EXERCISE: Only one portion of the data is to be written out: from the line bearing "Volkswagen Taos Vehicle Image 21" through the line bearing "STEVE MADDEN SLIP ON SHOE IN GREY - UK 9". Write it exactly as it appears.

--------------------------------

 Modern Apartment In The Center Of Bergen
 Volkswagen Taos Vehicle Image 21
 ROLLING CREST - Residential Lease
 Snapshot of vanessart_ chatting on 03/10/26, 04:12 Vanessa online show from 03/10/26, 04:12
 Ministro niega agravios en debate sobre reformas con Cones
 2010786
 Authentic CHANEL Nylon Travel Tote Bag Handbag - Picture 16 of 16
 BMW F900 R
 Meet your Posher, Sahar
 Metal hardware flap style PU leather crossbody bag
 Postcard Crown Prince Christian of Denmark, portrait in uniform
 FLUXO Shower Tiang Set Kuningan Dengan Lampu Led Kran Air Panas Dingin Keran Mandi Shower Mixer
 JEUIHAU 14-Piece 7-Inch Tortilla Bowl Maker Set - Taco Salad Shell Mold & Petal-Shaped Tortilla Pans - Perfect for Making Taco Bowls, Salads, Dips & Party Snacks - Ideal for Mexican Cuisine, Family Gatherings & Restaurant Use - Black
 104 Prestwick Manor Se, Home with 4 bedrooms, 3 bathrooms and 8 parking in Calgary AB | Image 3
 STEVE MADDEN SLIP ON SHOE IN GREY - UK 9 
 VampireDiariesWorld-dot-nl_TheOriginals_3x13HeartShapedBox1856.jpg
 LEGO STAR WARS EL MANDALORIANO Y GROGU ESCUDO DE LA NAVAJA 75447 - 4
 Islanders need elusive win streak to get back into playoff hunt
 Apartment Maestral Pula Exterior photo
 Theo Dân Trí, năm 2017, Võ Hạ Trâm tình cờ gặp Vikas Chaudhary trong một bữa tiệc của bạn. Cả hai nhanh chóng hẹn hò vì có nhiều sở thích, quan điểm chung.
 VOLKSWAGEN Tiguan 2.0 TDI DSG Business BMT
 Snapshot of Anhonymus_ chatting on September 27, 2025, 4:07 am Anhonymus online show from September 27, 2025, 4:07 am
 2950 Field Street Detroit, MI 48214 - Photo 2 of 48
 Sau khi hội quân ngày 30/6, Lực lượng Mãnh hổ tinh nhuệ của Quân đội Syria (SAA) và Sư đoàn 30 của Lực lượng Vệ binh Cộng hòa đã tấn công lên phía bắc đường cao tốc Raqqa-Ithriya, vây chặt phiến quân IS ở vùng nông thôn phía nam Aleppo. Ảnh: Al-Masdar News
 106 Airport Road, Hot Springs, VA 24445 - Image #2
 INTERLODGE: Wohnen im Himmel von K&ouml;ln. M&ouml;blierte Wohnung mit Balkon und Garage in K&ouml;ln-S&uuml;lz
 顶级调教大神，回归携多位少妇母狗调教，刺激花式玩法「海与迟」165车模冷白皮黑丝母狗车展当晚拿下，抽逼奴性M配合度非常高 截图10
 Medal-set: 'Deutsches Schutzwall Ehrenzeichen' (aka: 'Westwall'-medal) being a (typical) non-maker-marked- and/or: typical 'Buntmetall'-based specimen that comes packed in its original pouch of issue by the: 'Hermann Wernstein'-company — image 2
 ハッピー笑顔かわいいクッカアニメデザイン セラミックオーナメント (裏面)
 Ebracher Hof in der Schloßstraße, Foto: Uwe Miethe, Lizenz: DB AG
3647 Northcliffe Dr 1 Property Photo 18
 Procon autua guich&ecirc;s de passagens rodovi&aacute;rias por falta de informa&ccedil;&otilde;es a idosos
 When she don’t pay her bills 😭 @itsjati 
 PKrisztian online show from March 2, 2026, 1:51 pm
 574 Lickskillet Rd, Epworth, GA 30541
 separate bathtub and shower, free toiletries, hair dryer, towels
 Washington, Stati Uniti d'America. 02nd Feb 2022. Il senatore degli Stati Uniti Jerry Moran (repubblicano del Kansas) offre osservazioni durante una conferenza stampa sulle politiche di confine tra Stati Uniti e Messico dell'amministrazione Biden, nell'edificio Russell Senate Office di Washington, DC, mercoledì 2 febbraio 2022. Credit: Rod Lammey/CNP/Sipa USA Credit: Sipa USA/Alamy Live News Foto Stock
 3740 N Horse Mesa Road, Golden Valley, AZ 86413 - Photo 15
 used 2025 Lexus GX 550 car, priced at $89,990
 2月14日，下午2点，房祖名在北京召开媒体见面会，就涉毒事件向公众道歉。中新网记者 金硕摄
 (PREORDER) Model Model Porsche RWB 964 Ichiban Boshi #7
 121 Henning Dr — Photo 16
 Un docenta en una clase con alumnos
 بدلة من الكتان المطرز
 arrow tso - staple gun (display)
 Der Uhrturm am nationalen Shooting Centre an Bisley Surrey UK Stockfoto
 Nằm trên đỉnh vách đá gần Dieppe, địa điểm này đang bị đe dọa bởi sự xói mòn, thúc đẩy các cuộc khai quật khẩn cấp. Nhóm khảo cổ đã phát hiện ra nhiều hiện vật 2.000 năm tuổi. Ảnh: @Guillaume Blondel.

--------------------------------

RESPONSE:
 Volkswagen Taos Vehicle Image 21
 ROLLING CREST - Residential Lease
 Snapshot of vanessart_ chatting on 03/10/26, 04:12 Vanessa online show from 03/10/26, 04:12
 Ministro niega agravios en debate sobre reformas con Cones
 2010786
 Authentic CHANEL Nylon Travel Tote Bag Handbag - Picture 16 of 16
 BMW F900 R
 Meet your Posher, Sahar
 Metal hardware flap style PU leather crossbody bag
 Postcard Crown Prince Christian of Denmark, portrait in uniform
 FLUXO Shower Tiang Set Kuningan Dengan Lampu Led Kran Air Panas Dingin Keran Mandi Shower Mixer
 JEUIHAU 14-Piece 7-Inch Tortilla Bowl Maker Set - Taco Salad Shell Mold & Petal-Shaped Tortilla Pans - Perfect for Making Taco Bowls, Salads, Dips & Party Snacks - Ideal for Mexican Cuisine, Family Gatherings & Restaurant Use - Black
 104 Prestwick Manor Se, Home with 4 bedrooms, 3 bathrooms and 8 parking in Calgary AB | Image 3
 STEVE MADDEN SLIP ON SHOE IN GREY - UK 9 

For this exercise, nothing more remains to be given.